What’s the process from application to the stage?
The true audition starts at 1pm, but around noon (or even earlier), people will start lining up to fill out performer applications. We ask that everyone bring portfolio pictures, like headshots, so they can be easily found later throughout the process. People ask if it’s necessary, but I think it makes you look professional, legitimate, and serious about your craft. The headshots don’t have to be on a professional level; it’s just something that represents you that you’ve put a little effort into.
They’re gonna drop off all their information, fill out their application, and they’ll get a number. They’ll be sent into the photographer room, where they’ll have their picture taken. Then they will go from there to the queue line for the actual audition. We’ll see 2–3 people at a time, and they’ll have the ability to go from one platform to the next, so it spans minutes—sometimes less. That’s the freestyle round.

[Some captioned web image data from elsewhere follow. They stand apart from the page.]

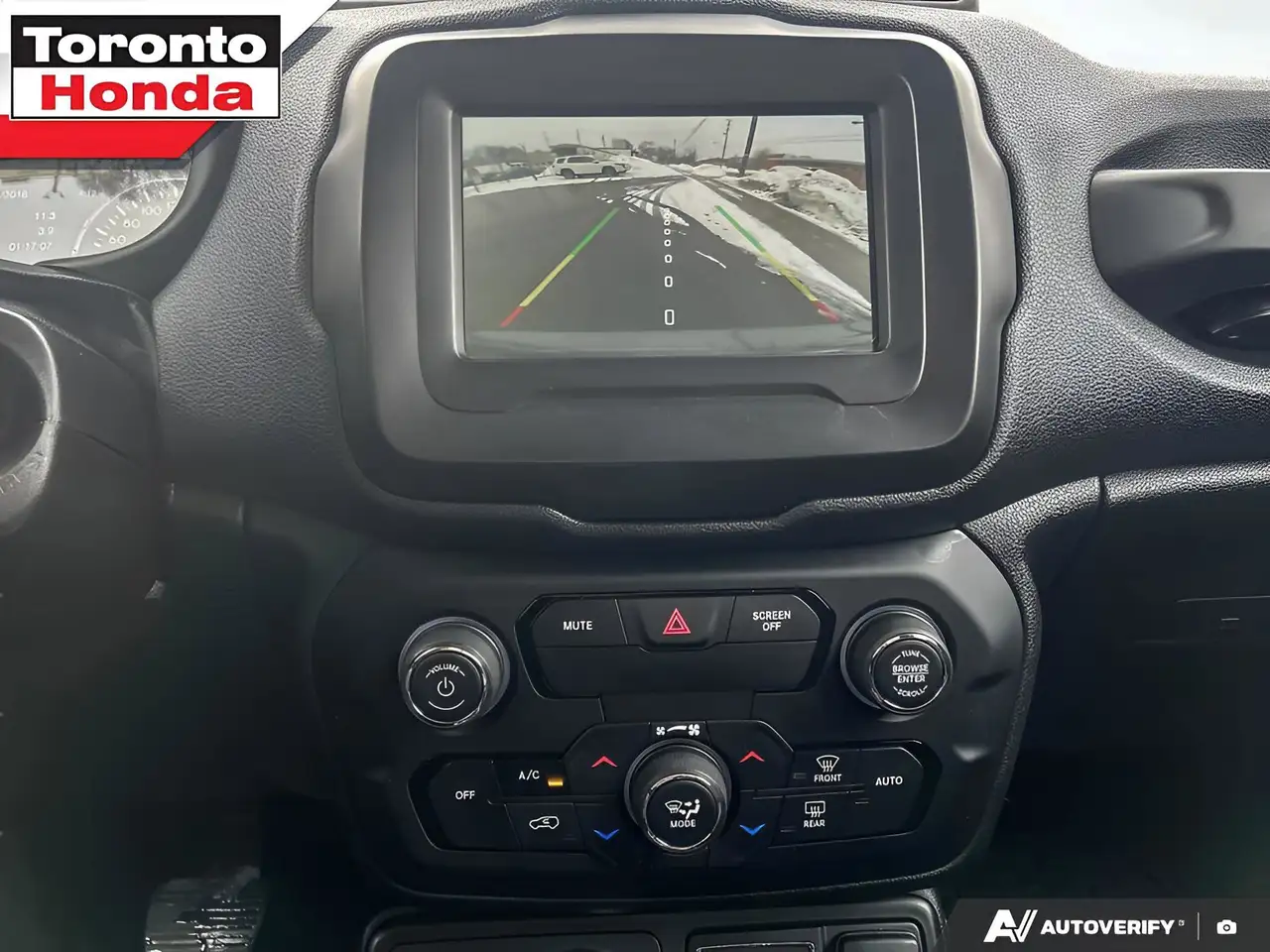 Jeep Renegade снимка Jeep Renegade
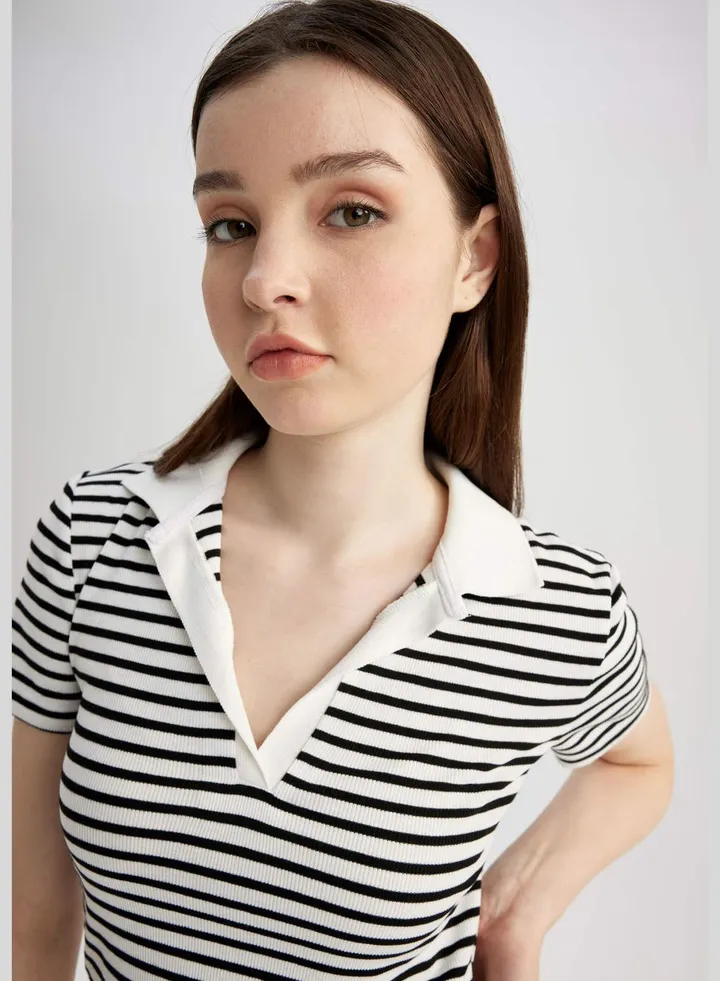 Woman Polo Neck Knitted Short Sleeve T-Shirt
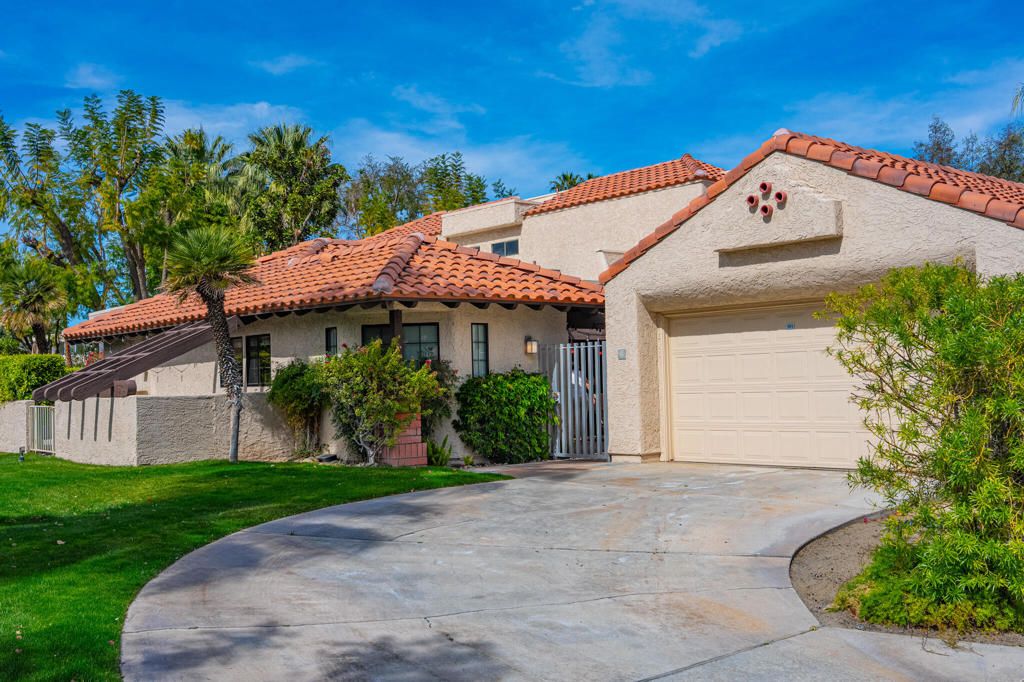 2345 S Cherokee Way 105, Palm Springs, CA 92264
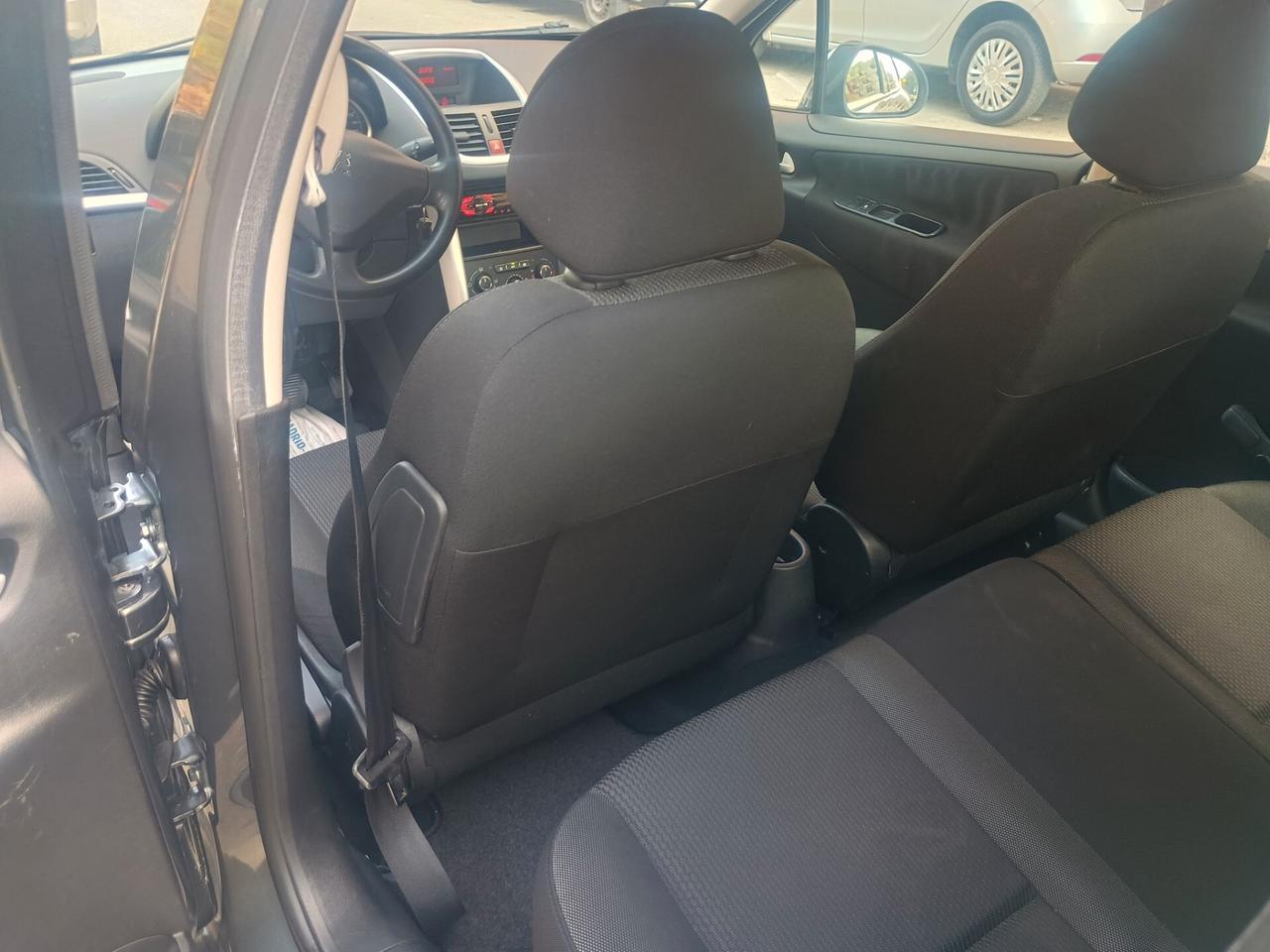 Peugeot 207 1.4 HDi 70CV 5p. Active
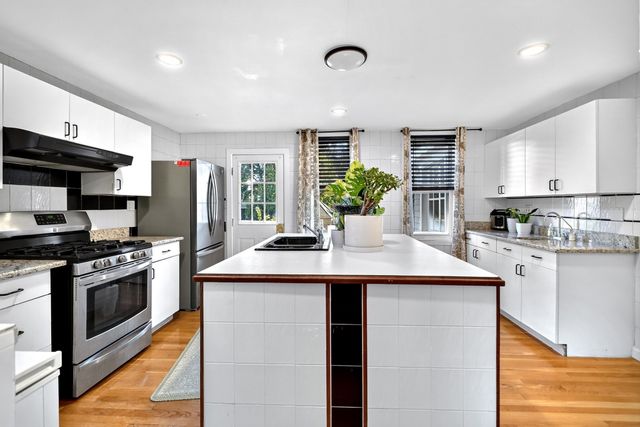 162 Brush Hill Rd 2, Milton, MA 02186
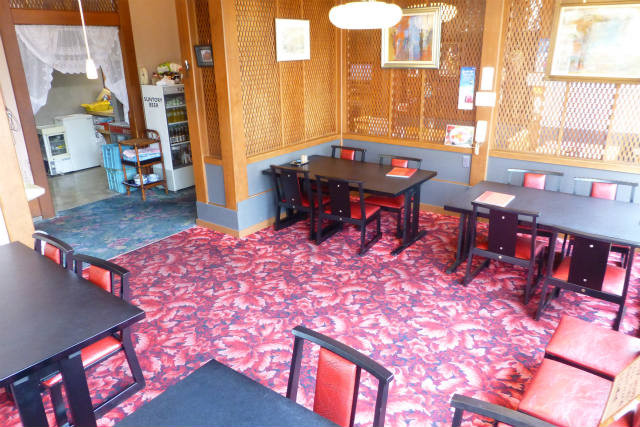 店舗1階。一般のお食事席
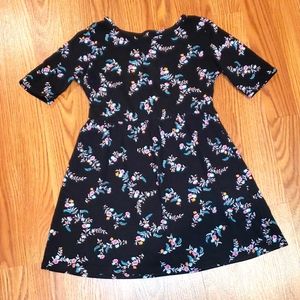 Old Navy Black Floral Print Dress (Size 6/7)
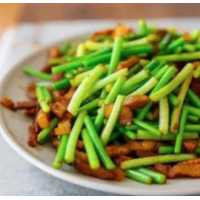 96. Зеленый чеснок с мясом 蒜苔炒肉 96. Зеленый чеснок с мясом 蒜苔炒肉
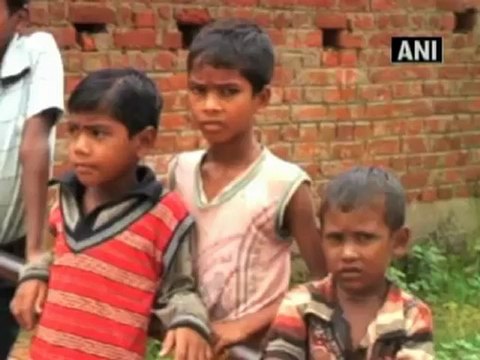 Maoists hoist black flag in West Bengal.mp4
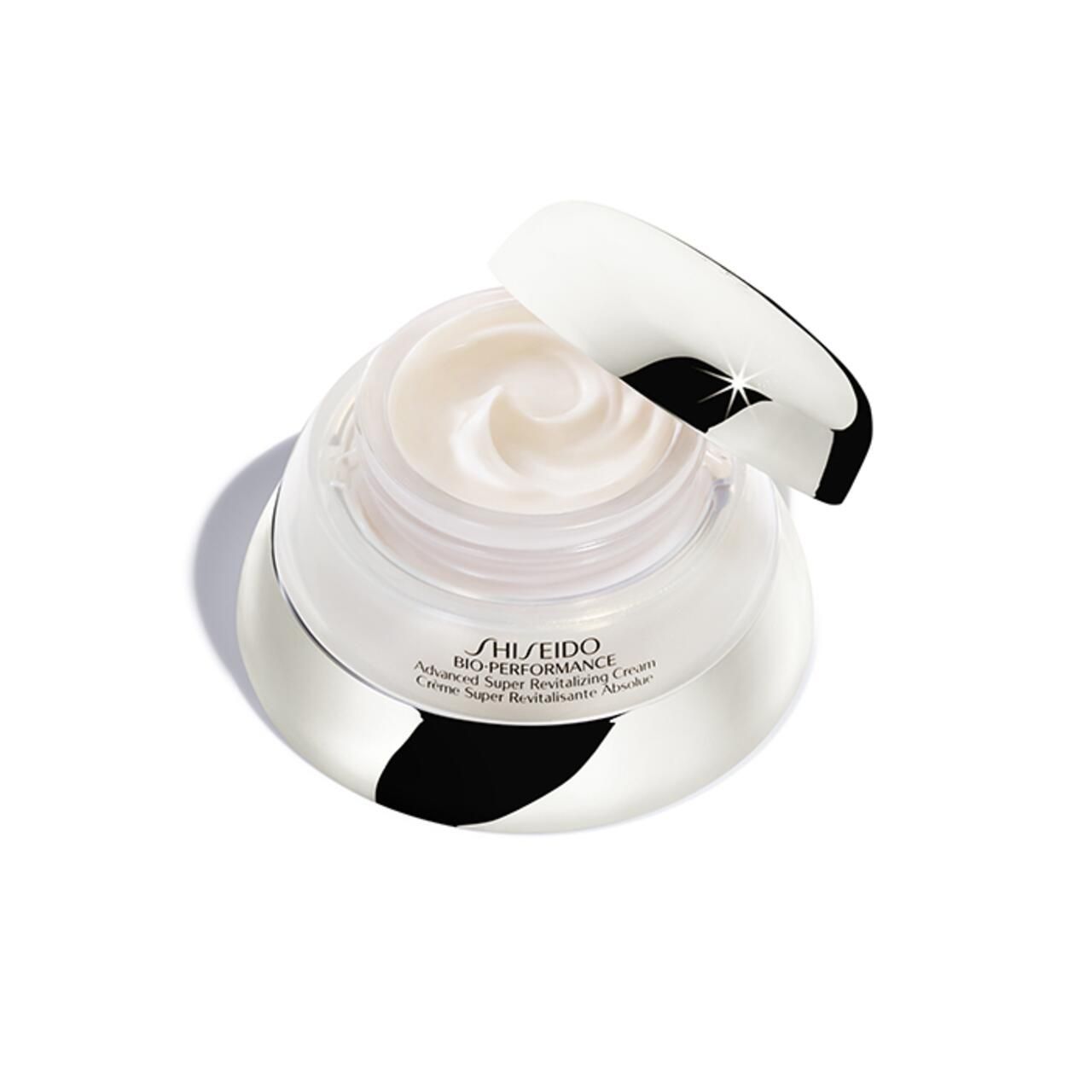 Geöffneter Cremebehälter mit silberfarbenem Deckel. Creme sichtbar. Aufschrift: Shiseido Bio-Performance Advanced Super Revitalizing Cream.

People I want to see go into a second round, the choreography round, get a callback slip. I don’t need to see every kind of performer or every single dancer for the choreography round, and not everyone gets called back for it. Some people think that when they don’t get a callback for the choreography round that they’re out, which isn’t the case. There’s just another technical round that some people will get put into, and others won’t. Not make or break, but this is a part of it.
Some people will get callback slips. They will go into a choreography room, where choreographers will be teaching them their own sequence of dance, so nobody has to come with choreography, rehearsed material, or music. There will be a live DJ playing the entire time. More or less, you just show up as you, and you get put into different rounds.
They learn the choreography, and the teams will come back up in groups of 6–8 and perform. This round is also specific to, but not just pertaining to, kineticFIELD casting. Casting for kineticFIELD at EDC Las Vegas, the stage that travels the world, will be selected from this round.
If I’m already an Insomniac entertainer, do I have to show up and audition?
My answer is always YES. One, it’s good for us to be able to reassess people’s skills every single year. It’s like an update. I would like to be able to see if people improved. It’s a great time to showcase your talent and be seen for reevaluation every year. This also for me is a time where I really see people showing up for their team and their craft; it’s kinda like that quote: “80% of success is showing up.” I really believe that you show up for what you want, and the people that show up are the ones who get the casting. All of the positions for EDC Las Vegas itself will book from this audition.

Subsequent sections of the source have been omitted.